Em julho e agosto deste ano, a presidente editou os decretos liberando gastos adicionais sem aval do Congresso Nacional. Naquele momento, o governo havia enviado um projeto com proposta de alteração da meta fiscal, ainda não aprovado pelo Legislativo, o que só ocorreu no último dia 2. Mesmo assim, os decretos autorizaram créditos de R$ 2,5 bilhões, num momento de déficit fiscal e queda da arrecadação.
Um parecer do procurador do Ministério Público (MP) junto ao TCU Júlio Marcelo de Oliveira considerou a prática uma infração à lei orçamentária e à Lei de Responsabilidade Fiscal (LRF), o que foi reproduzido no pedido de impeachment. Esse tipo de gasto em 2014 já havia sido reprovado no julgamento das contas de 2014 de Dilma pelo TCU.
A partir do parecer de Oliveira, o TCU abriu um processo para auditar os decretos. A tramitação começou a ocorrer em 17 de novembro, sob a relatoria de José Múcio.
– A meta fiscal nova favorece o governo. Fizeram uma meta para não deixar ilegalidade. Isso vai ser levado em conta (na análise do processo aberto) – disse José Múcio ao GLOBO.
A nova meta fiscal de 2015 aprovada pelo Congresso autorizou o governo a fechar o ano com um déficit de até R$ 119,9 bilhões. Os decretos anteriores, com liberações de gastos, serão analisados no mesmo processo sobre as contas de 2015 de Dilma, também relatado por José Múcio. O ministro prevê para fevereiro ou março de 2016 uma posição sobre o assunto.

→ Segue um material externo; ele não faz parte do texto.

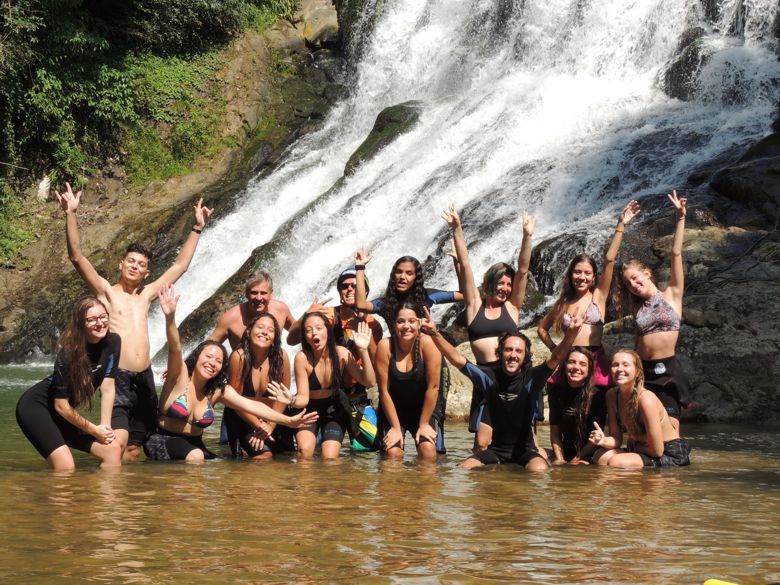 Estudantes de Turismo e Hotelaria explorando a natureza durante uma saída de ecoturismo no campo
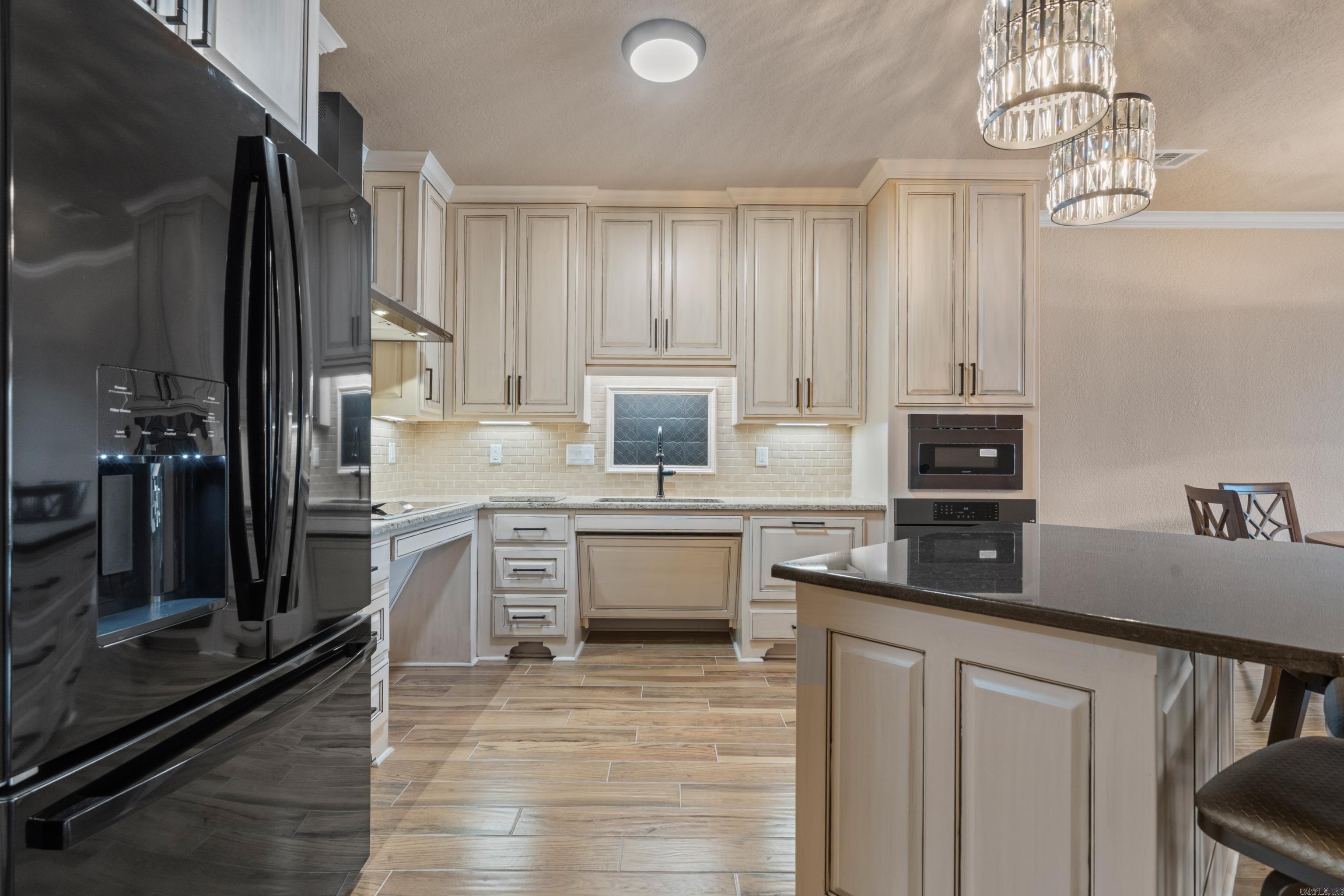 LAKESIDE GARDENS HPR - Residential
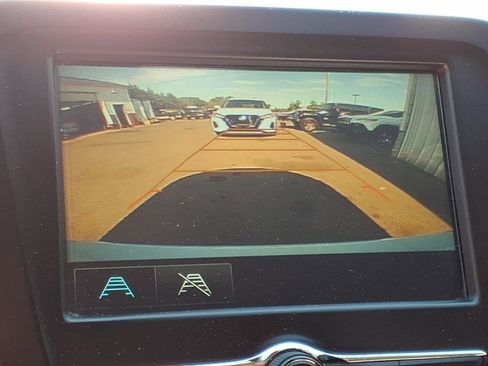 Used 2017 Chevrolet Malibu LS FWD image 7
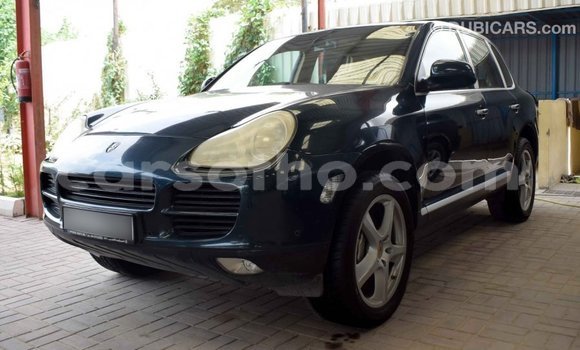 Sayi Imported Porsche Cayenne Green Mota in Import - Dubai a Maseru Sayi Imported Porsche Cayenne Green Mota in Import - Dubai a Maseru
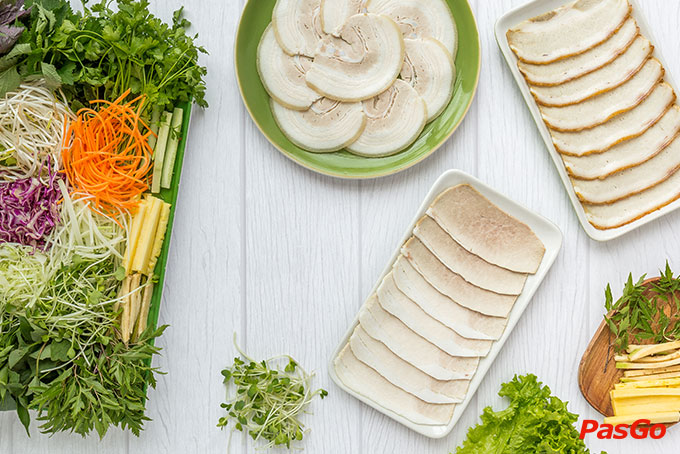 Cuốn N Roll - Đoàn Trần Nghiệp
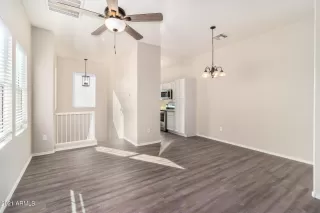 Photo #3: 6302428 Listing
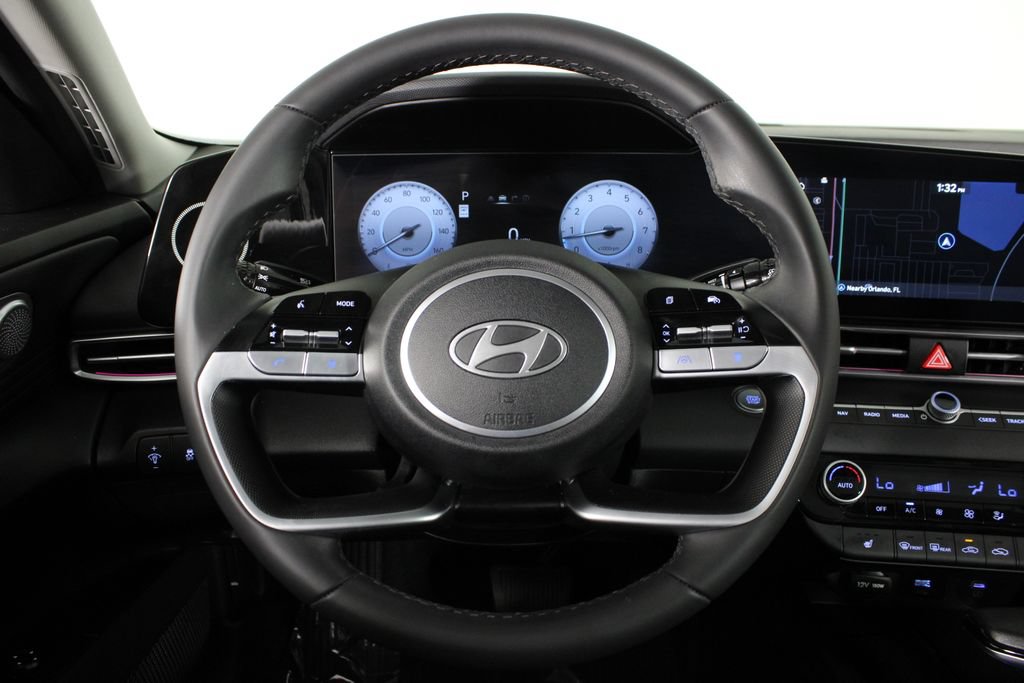 Certified 2024 Hyundai Elantra SEL w/ Convenience Package FWD image 10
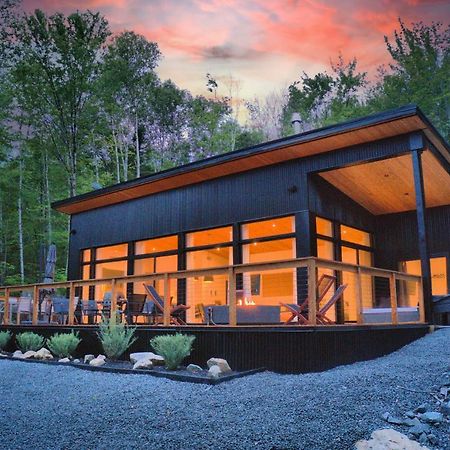 Kallm-Mont-Tremblant Chalet With Hot Tub, Pond & Beach On Private 7Acre Estate Lac-Superieur 外观 照片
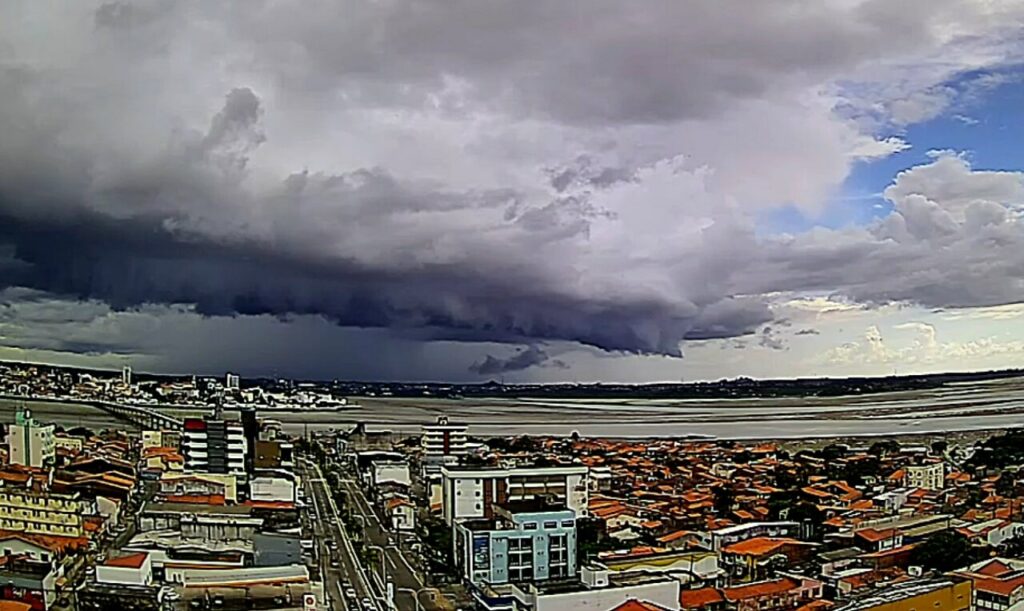 INMET emite alerta de chuvas intensas para todo o MA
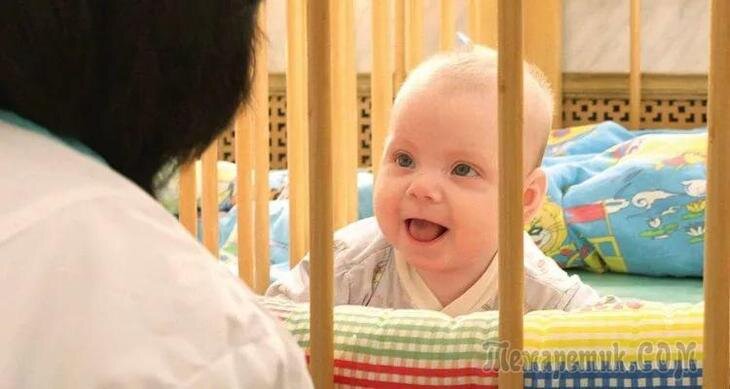 Как взять ребенка из детдома
09 октября 2020

В этой статье мы расскажем вам, как взять ребенка из детдома или как стать опекуном ребенка.

Порядок усыновления ребенка из детского дома
Чтобы дать старт данному процессу, необходимо обратиться в местный орган опеки и попечительства, который уполномочен решать данные вопросы. Будущим родителям необходимо предоставить сотрудникам учреждения следующий пакет документов:

*Заявление об усыновлении.
*Сведения о себе (можно предоставить как в письменном, так и печатном виде). Данный документ должен включать в себя ФИО, национальность, дату и место рождения, информацию о месте жительства, образованию и рабочей должности, семейное положение. Обязательно нужно указать текущую дату и подпись.
*Справку о доходах с места работы. В этом документе должны быть указаны размер заработной платы и должность. Если заявление пишется предпринимателем, то он должен предоставить копию своей налоговой декларации, а для пенсионеров это должна быть справка из пенсионного фонда.
*Копию финансового счета.
*Справку от жилищных организаций, свидетельствующая о владении недвижимостью.
*Справку из правоохранительных органов об отсутствии судимости за совершение уголовных преступлений, касающихся посягательства на жизнь и здоровье граждан.
*Справку из медицинского учреждения о состоянии психического и физического здоровья потенциального усыновителя / опекуна.
*Свидетельство о браке, если кандидат в нем состоит.
*Письменное заявление одного из супругов о согласии на усыновление, при наличии брачных отношений.

Что нужно для усыновления ребенка из детдома
Основное правило — разница между кандидатом и ребенком в возрасте не должна быть меньше 16 лет. В остальном, усыновителем может стать любой человек, достигший совершеннолетия, за исключением следующих случаев:

**Лицо было признано недееспособным по решению суда.
**Один из супругов был признан недееспособным или ограниченно дееспособным.
**Лицо было лишено родительских прав по судебному решению.
**Лица, лишенных права опекунства в судебном порядке в связи с неспособностью надлежащим образом осуществлять свои обязанности.
**Лица, которые не в состоянии обеспечить прожиточный минимум для ребенка.
**Лица без определенного места жительства.
**Лица, имеющие судимость за совершение тяжких и особо тяжких преступлений.
**Лица, чьи жилищно-бытовые условия не соответствуют предпринятым санитарным нормам.


Хочу взять ребенка из детского дома: что нужно знать?
Каждый, кто хочет стать родителем и забрать ребенка из детдома, должен помнить о некоторых нюансах, дабы процедура прошла успешно:

**Если вы проживаете в съемной квартире, то к перечню документов на усыновление необходимо приложить копию договора об аренде
**Как правило, органы опеки подходят наиболее строго к тем случаям, когда усыновительницей выступает незамужняя женщина. В такой ситуации, они более тщательно изучают доходы, жилищные условия, личностные характеристики будущей приемной матери.
**Если в усыновлении ребенка участвуют пары с разным гражданством, то требуется соблюсти законодательства обеих государств.
Многие документы имеют срок действия. Например, справка о дохода актуальна в течение года, медицинская справка о состоянии здоровья — 6 месяцев. Учитывайте этот фактор при сборе документов.

Что такое опекунство ребенка и как им стать?
Над детьми до 14 лет можно установить опекунство. В отличие от усыновления, оно является временным явлением и может быть приостановлено в любой момент. Опекун становится законным представителем своего подопечного и может представлять его интересы с суде, осуществлять за него деловые сделки и юридические процедуры. Уполномоченные органы осуществляют необходимый контроль на протяжении всего периода, когда дети находятся в новой семье. Есть также ряд других принципиальных отличий от усыновления:

Во-первых, при наличии у ребенка биологических родителей, они оставляют за собой право его навещать.
Во-вторых, данные свидетельства о рождении у детей останутся неизменными.
В-третьих, подобная практика распространяется на детей исключительно до 14 лет
В-четвертых, лицо, взявшее опеку, может рассчитывать на денежные пособия со стороны государства. Размер пособия определяется местными властями.
В-пятых, приоритет в обладании таким статусом всегда имеют ближайшие родственники — дедушка, бабушка, братья и сестры.
В целом, взять опекунство над ребенком из детского дома проще, нежели осуществить усыновление. Но для этого все равно требуется собрать необходимый пакет документов и предоставить его в уполномоченный орга и попечительства.

Перечень документов включает в себя:
**паспорт;
**письменное заявление;
**справку с места работы с указанием должности и доходов;
**жилищный документ, удостоверяющий ваше право пользования тем или иным объектом недвижимости;
**справку об отсутствии судимости;
**медицинскую справку о состоянии здоровья;
**свидетельство о браке, если вы в нем состоите;
**письменное согласие супруга и детей старше 10 лет на прием в семью нового члена;
Теперь вы знаете, как взять опеку над ребенком из детдома. Дело это исключительно добровольное и прежде чем, решиться на подобный шаг, нужно твердо взвесить все «за» и «против», дабы не портить жизнь себе и ребенку.
сведения о себе;
Все, кто не может оформить опекунство над ребенком указаны в статье 146 Семейного кодекса. Остальные категории населения могут свободно пользоваться данным правом.

Информация взята по ссылке:https://zakon.temaretik.com/2057275954114857272/kak-vzyat-rebenka-iz-detdoma/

Questionado se a questão dos decretos é suficiente para levar ao afastamento da presidente, José Múcio, ex-ministro no governo Lula, respondeu:
– O afastamento é uma questão tão pessoal… A questão técnica é pertinente, mas virou um componente. Acho que a questão técnica não é suficiente.
Um segundo parecer do procurador Oliveira, sobre uma suposta continuidade das chamadas “pedaladas” fiscais ao longo de 2015, levou à abertura de outro processo no TCU, relatado pelo ministro Raimundo Carreiro. As “pedaladas” em 2015 – manobra em que o governo retém repasses aos bancos oficiais, que se veem obrigados a arcar com o pagamento de programas sociais – também embasam o pedido de impeachment aceito por Cunha.
– Vou imprimir o curso normal ao processo. Não vejo nenhuma semelhança desse processo de impeachment com o processo de impeachment de Fernando Collor (em 1992), em todos os aspectos – afirmou Carreiro.
O processo das “pedaladas” em 2015 foi aberto no TCU em 13 de outubro, dias depois de o tribunal aprovar um parecer pela rejeição das contas de 2014 de Dilma. A manobra foi uma das razões para a rejeição, assim como a liberação de gastos extras sem autorização do Congresso.